Hank got the day off on Thursday, after doing the 1.40-meter class on Wednesday, and then we backed down to the 1.30-meter 7-year-old qualifier on Friday. I think this was necessary for him as a young horse to go in and have a bit easier, very confident round and of course he once again showed me why I am so incredibly lucky to have him. Daniel Coyle, a blazing fast Irish rider, went early in the class and laid down a beautiful, very fast jump-off round 3 seconds faster than the person before him, so I knew our work was cut out for us. Hank jumped and rode so well in the jump-off though and was so slick in his turns that we ended up winning the class by half a second, reminding me why he is the #BestDonkeyEver.
While Hank is gorgeous now and everyone remarks on that, when he was a young horse he really needed to grow into himself. He had such big ears on his little body that he earned the nickname, The Donkey, not to be confused with being a donkey.
As a young horse he had the best temperament to handle (besides jumping out of the paddocks all of the time until he was 2, thank goodness he stopped doing that); he was so relaxed and willing.

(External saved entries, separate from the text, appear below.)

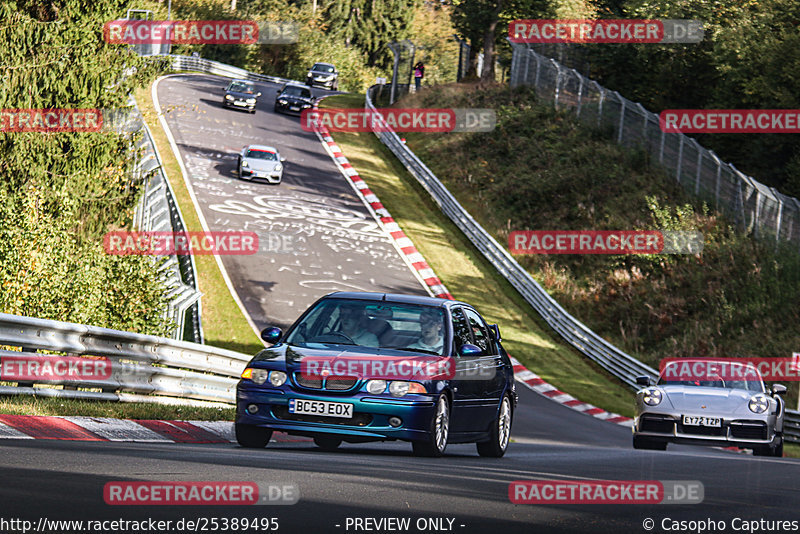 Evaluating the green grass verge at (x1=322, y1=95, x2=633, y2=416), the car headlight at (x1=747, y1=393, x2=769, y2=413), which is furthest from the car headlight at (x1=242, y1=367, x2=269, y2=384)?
the green grass verge at (x1=322, y1=95, x2=633, y2=416)

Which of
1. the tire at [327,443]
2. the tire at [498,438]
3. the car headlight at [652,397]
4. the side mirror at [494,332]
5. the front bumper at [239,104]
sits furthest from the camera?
the front bumper at [239,104]

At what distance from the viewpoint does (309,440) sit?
12.6 m

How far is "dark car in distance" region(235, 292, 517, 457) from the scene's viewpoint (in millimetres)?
9938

When I say that he has given me so much confidence, it is not only under saddle that he has done so. As a stallion, he is one of the best behaved I have ever met, you can collect him one day and ship him next to a mare the next day, to a show where he then goes in and focuses completely on that job. So many stallions can get stallion-like when they are collected regularly and we have been lucky that all of ours are pretty good, but Hank is just that one special one.

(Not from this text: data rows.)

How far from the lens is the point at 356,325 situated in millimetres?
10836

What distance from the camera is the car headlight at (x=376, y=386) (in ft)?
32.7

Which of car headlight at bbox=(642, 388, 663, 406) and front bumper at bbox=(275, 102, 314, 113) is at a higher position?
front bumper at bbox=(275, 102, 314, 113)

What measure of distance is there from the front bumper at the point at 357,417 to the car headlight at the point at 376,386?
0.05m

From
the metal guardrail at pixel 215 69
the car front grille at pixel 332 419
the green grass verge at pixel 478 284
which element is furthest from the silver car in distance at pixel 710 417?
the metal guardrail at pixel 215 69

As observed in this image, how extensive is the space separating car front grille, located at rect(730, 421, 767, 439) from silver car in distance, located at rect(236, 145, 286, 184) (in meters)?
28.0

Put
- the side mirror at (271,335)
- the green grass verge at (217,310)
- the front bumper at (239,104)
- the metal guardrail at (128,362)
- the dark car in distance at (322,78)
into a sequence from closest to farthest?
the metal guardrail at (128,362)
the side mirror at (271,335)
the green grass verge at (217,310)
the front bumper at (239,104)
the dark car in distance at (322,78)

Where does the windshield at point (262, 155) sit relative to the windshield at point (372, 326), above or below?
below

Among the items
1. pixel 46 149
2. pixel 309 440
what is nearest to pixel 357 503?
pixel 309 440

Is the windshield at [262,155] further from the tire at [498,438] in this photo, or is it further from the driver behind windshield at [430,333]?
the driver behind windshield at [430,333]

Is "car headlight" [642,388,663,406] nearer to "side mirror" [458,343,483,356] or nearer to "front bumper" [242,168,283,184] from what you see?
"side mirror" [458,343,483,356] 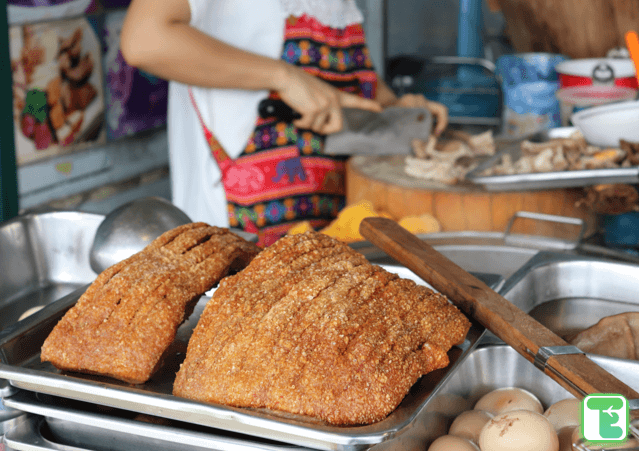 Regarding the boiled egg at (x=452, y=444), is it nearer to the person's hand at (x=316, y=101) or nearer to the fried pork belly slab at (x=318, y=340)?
the fried pork belly slab at (x=318, y=340)

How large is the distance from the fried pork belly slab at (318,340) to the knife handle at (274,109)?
52.6 inches

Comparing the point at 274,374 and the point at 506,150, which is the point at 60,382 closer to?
the point at 274,374

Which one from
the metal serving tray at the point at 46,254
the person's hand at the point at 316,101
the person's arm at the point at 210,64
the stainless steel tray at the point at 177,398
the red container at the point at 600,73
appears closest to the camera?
the stainless steel tray at the point at 177,398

I never worry when I have to haul him by myself that he will do something stupid, and when we went to Belgium he traveled like a pro. When I presented him at Zangersheide for the Stallion Show in front of the “Breeding Greats,” I was super nervous about going in front of them, but Hank just walked right in there and was his usual perfect self. Luc Tilleman, the owner of Toulon and also a judge at Zangersheide for the stallion approvals, mentioned to my dad later in the week when they were talking that he could see I was super nervous; but I shouldn’t have been because I had Hank.
This year I am really hoping that everything comes together and we are able to go back to Lanaken to compete in the 7-year-old FEI World Breeding Championships in September. That is a long way away and all of the cards have to fall into place, but I am working toward that goal and I want to go there and be competitive. That is why I will continue to step up and down throughout the year to make sure I am prepared if I get to go because the jumps there will be BIG!

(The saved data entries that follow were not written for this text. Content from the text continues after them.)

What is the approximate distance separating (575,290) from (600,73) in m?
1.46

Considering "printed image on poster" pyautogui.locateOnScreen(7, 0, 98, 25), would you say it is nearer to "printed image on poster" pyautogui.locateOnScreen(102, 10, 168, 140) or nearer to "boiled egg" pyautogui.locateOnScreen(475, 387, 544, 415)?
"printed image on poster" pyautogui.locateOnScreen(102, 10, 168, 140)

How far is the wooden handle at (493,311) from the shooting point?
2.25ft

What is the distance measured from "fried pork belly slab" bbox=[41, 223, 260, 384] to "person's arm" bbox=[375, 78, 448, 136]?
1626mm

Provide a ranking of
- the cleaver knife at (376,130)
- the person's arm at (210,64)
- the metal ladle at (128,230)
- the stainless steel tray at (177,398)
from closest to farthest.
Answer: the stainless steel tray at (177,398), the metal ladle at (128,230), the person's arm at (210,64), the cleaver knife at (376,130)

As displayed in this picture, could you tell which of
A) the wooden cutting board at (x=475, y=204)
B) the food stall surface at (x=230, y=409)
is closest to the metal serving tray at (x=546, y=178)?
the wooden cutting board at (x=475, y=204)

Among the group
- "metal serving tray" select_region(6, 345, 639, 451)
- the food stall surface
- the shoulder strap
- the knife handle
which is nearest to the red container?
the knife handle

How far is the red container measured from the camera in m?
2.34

The future is bright when I have Hank in it and I am so thankful to everyone that has made our journey possible this far. From Hyperion Stud who bred such a wonderful horse, to my mom and dad who helped me find him, and then have allowed and supported me in developing him, and who push me to be my best to achieve our dreams and goals. To my sister and the other individuals who have helped to train him and I along the way. To our barn staff who takes such good care of him and to all of our other team members who help him to compete at his best. Finally, to my grandfather his namesake, I am so lucky to have both “Hanks” in my life.